# Wii #1468 - Ashes Cricket 2009 (Europe)



## Chanser (Aug 10, 2009)

^^wiirelease-2791^^


----------



## kongsnutz (Aug 10, 2009)

This game freezes on every setup at the create a profile screen, never fear though as a solution is found.

Just run the game till it freezes, restart wii.

Put this save on your SD card.

http://www.megaupload.com/?d=R2UYOO8R

Then copy save to wii system, play the game and select the Ashes09 profile.

You do have to run the game till it freezes at least once before wii will let you copy save to system.


----------



## X D D X (Aug 10, 2009)

Finally this is out! I was waiting all weekend for this. Better be good.


----------



## pitoui (Aug 10, 2009)

Hmm I don't know about this game.
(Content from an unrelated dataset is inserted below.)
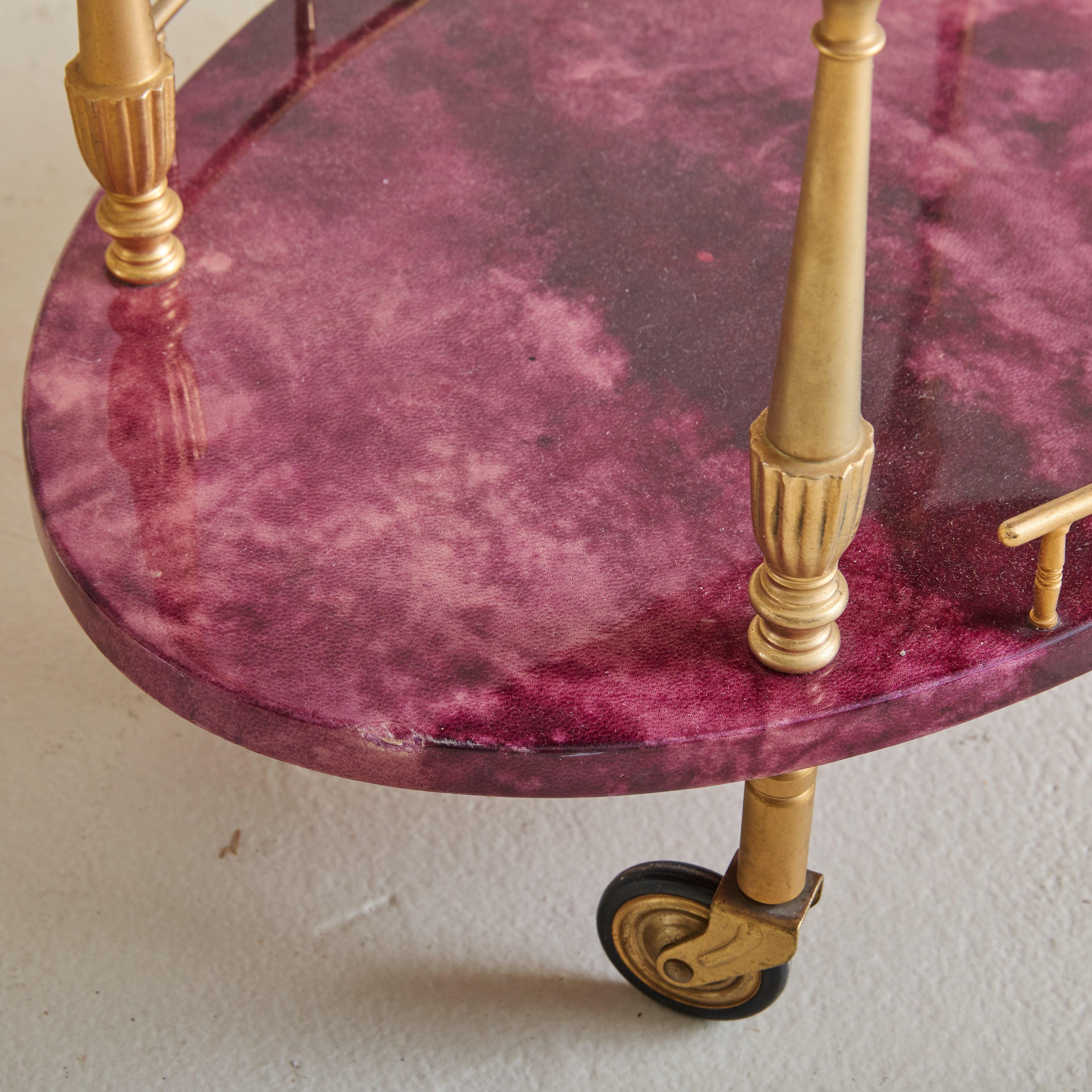 Chariot de bar italien en peau de chèvre aubergine par Aldo Tura, 1970 en vente 3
I haven't played a cricket game since International Cricket on the NES.

I think I will give it a go though.


----------



## IzzehO (Aug 10, 2009)

Sweet.. get back to me on how it plays 
	

	
	
		
		

		
			





 Gimmicky piece of crap?


----------



## Jimbo100 (Aug 10, 2009)

Never had the freeze, played fine from the start, even works fine from USB Loader GX.  Don't like the control method much....


----------



## aardvarks (Aug 10, 2009)

works fine on my pal wii, sounds like you got a bad disc!


----------



## Hadrian (Aug 10, 2009)

Quote from Offficial Nintendo Mag UK


			
				QUOTE said:
			
		

> If England sent out a side this one-dimensional they'd be demolished. Avoid.  56/100



Of course ONM get reviews wrong a lot of the time.  Codemasters usually make games that are better than average though they do slip up from time to time.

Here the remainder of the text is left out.